Se invece dall'"Edinburgh International Festival" ci spostiamo al "Fringe", salta subito agli occhi una concretezza tutt'altro che sperimentale, e a volte persino reazionaria. Maurice's Jubilee, storia di un gioielliere al quale Elisabetta II, il giorno della sua incoronazione, promette che sessant'anni dopo verrà a cercarlo, è basato su un copione antidiluviano che potrebbe essere di Oscar Wilde, basta sostituire la regina Elisabetta con la regina Vittoria. In Still life Sue MacLaine, attrice di vaglia che in passato ha affiancato gente del calibro di Kennet Branagh, recita completamente nuda mentre gli spettatori, ai quali è stata consegnata una matita affilata e dei fogli da disegno, devono ritrarla. Dietro l'originalità della "trovata", però, si cela il classico monologo autobiografico, travestito da corso di pittura. The Sh*t!, la produzione orgogliosamente italiana con cui Cristian Ceresoli e Silvia Gallerano hanno conquistato la rocca impenetrabile della critica britannica, dal Time's al Guardian, mostra l'orrore prodotto dalla forzata convivenza fra la società dello spettacolo e la morale ipocrita distribuita in dosi massicce al popolo per "tamponare" gli effetti di quella stessa società, ma lo fa senza perdere di vista gli strumenti del teatro, in questo caso il corpo nudo e vociferante dell'attrice.
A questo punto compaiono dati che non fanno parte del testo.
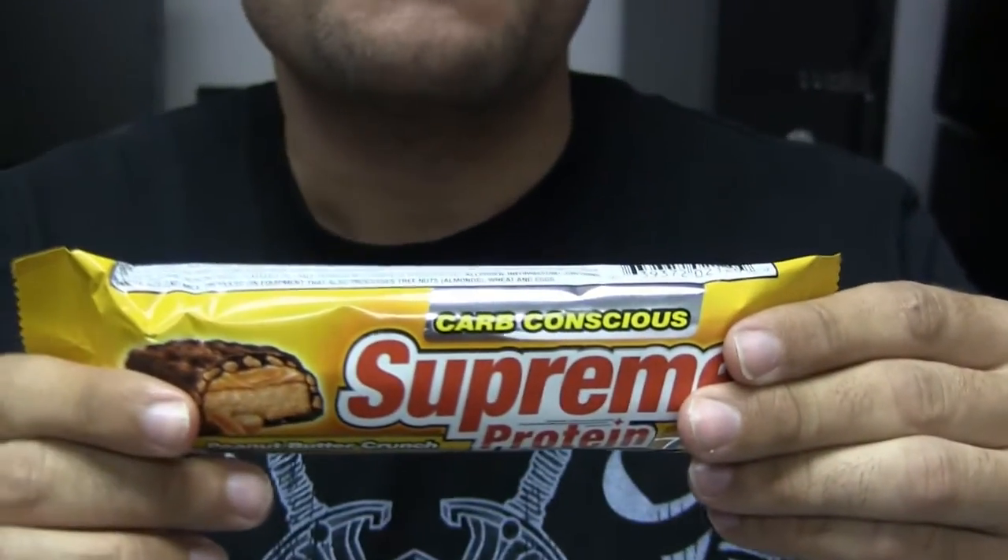I found out very quickly that the higher you take sugar alcohols in higher dosages, you will get yourself a little stomach ache. So I'm telling you right now, watch how much you consume. If you do something like this protein bar, it's fine — just don't go crazy with it.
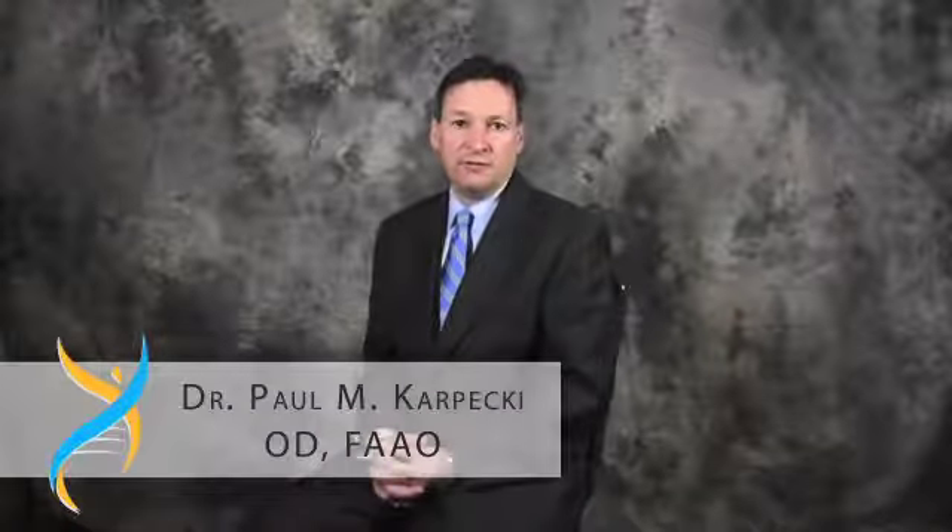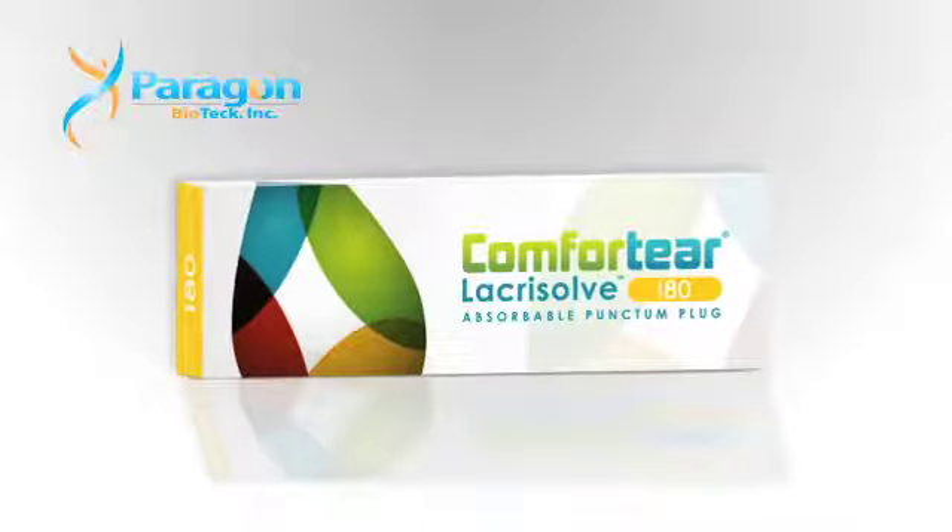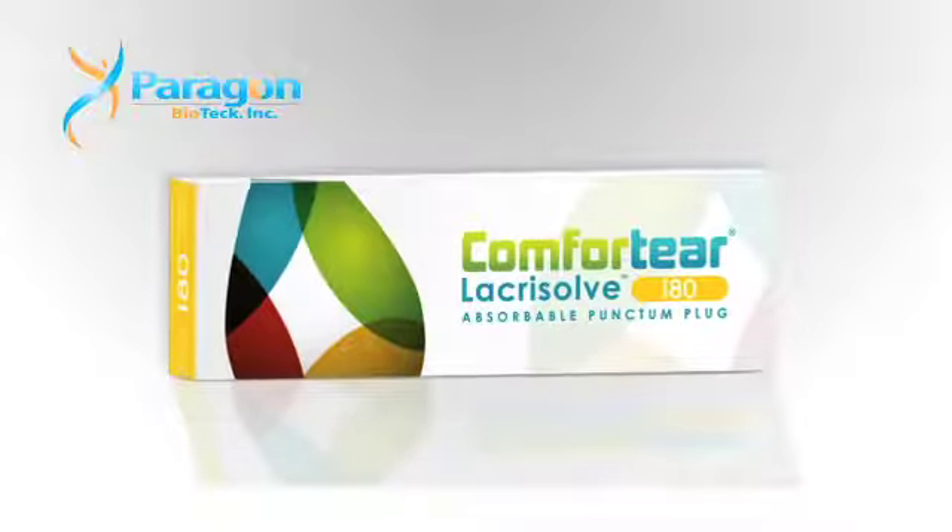Contact lens wearers that begin to show early signs of dry eye disease tend to be an ideal candidate for occlusion therapy. The lactosol medium-term absorbable plug is an ideal approach for these patients.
Gli esempi si potrebbero moltiplicare: uno spettacolo di marionette trabocca di rinvii al mito di Orfeo, ma li irregimenta in una trama di ferro che appassiona i bambini; una commediaccia sulla storia del Regno Unito è piena di arti amputati e di secchi di finto liquame lanciati sul pubblico esilarato, eppure spinge al pacifismo più di venti Marco Paolini. Il risultato? Platee strapiene e recensioni positive: nel paese di Thackeray il segno distintivo del grand'uomo è ancora il successo; mentre per noi italiani, che prolunghiamo la linea Adorno-Fortini, il successo testimonia piuttosto di una truffa in corso. Ecco allora, da noi, le filodrammatiche che non scendono mai sotto Čechov, le villette di campagna che volendo essere palladiane distruggono il paesaggio, gli imprenditori dilettanti che fanno il passo più lungo della gamba e poi si lamentano dello Stato che non li sostiene. E naturalmente le compagnie di attori che svuotano sistematicamente i teatri, e poi pretendono un salvagente.